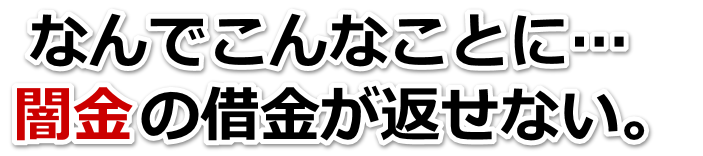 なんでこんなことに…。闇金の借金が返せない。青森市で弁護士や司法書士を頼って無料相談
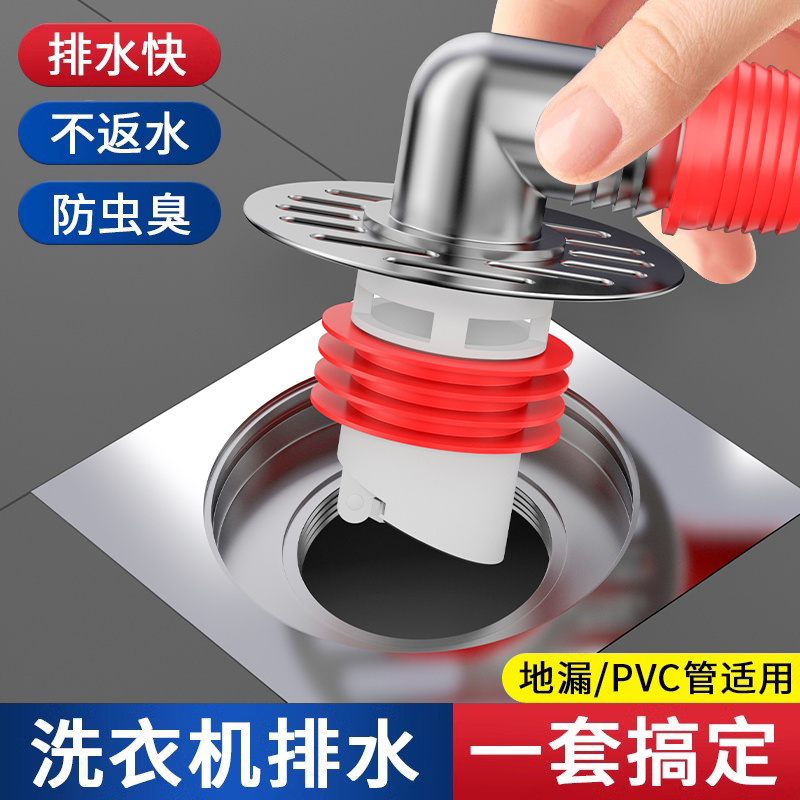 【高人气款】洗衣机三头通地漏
...
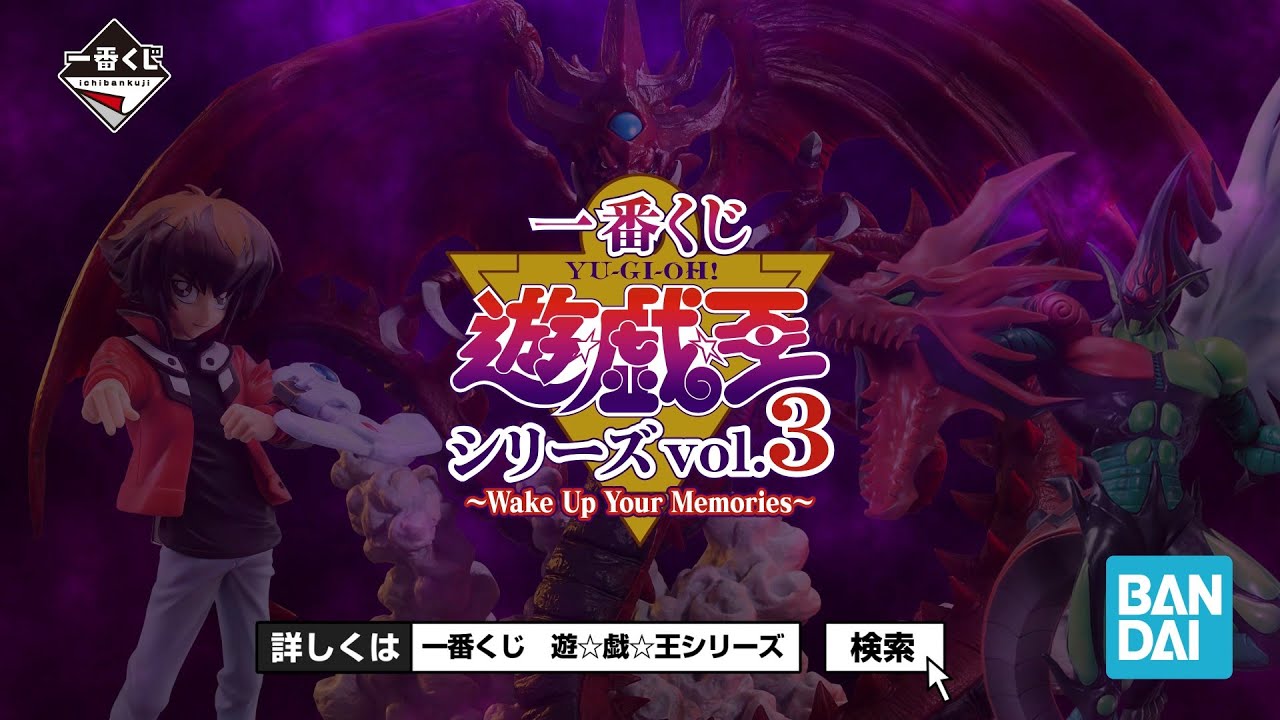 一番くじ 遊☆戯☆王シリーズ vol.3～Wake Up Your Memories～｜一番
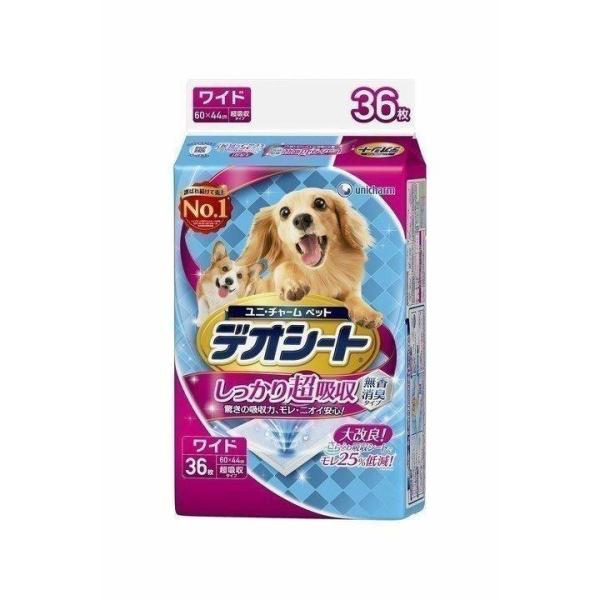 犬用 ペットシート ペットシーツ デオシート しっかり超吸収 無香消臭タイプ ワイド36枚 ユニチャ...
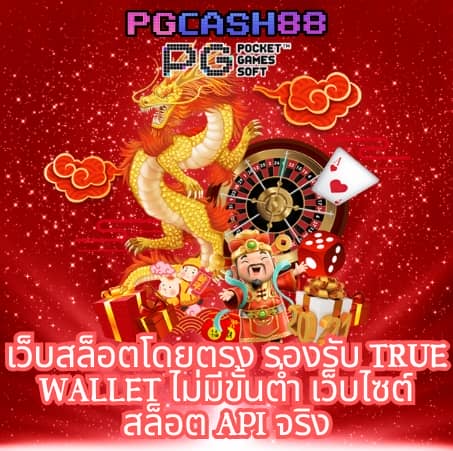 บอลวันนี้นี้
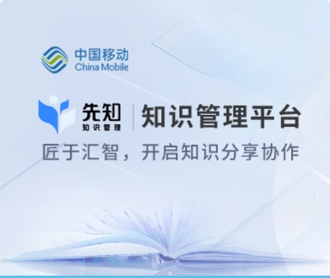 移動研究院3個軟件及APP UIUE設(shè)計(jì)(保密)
---
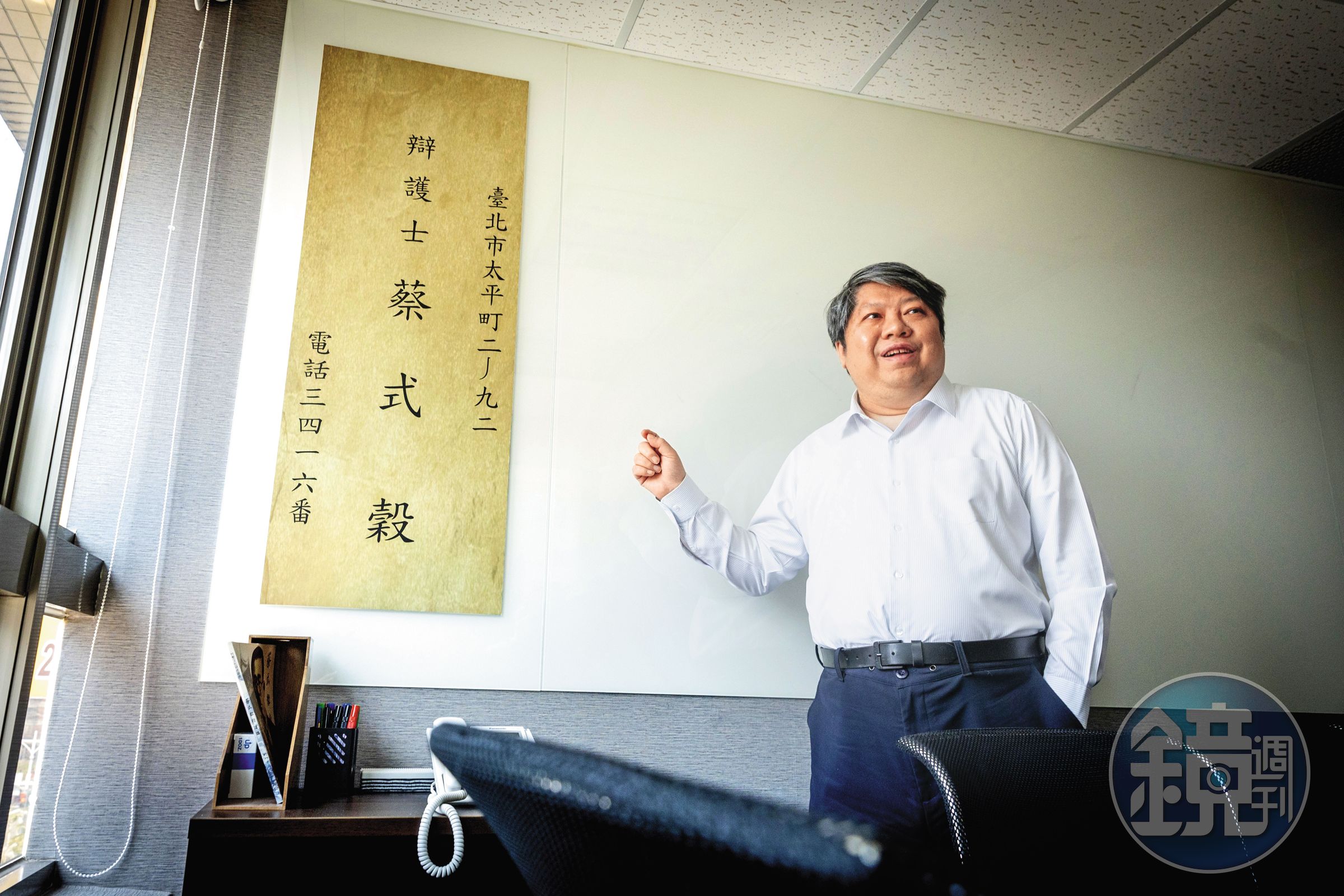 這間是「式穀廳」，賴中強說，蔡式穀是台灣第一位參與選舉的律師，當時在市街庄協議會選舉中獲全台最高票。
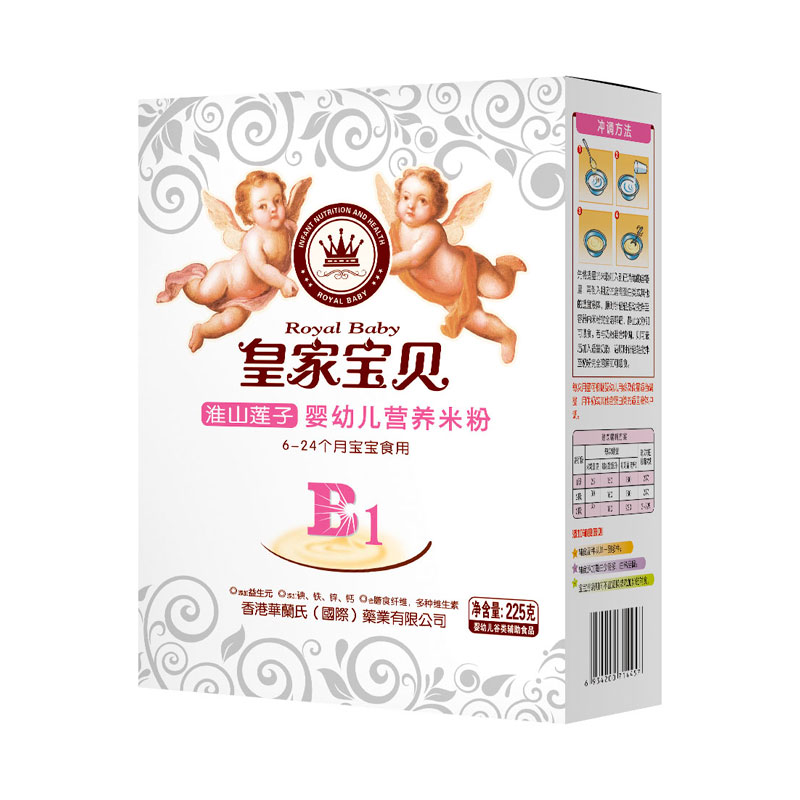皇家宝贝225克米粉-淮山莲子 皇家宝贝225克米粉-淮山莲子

[Exercise aim] Above are the records. Copy only the lines from the one with "犬用 ペットシート ペットシーツ" through the one with "移動研究院3個軟件及APP UIUE設(shè)計(jì)(保密)", exactly, with no pictures.

[Solution to this task]
 犬用 ペットシート ペットシーツ デオシート しっかり超吸収 無香消臭タイプ ワイド36枚 ユニチャ...
 บอลวันนี้นี้
 移動研究院3個軟件及APP UIUE設(shè)計(jì)(保密)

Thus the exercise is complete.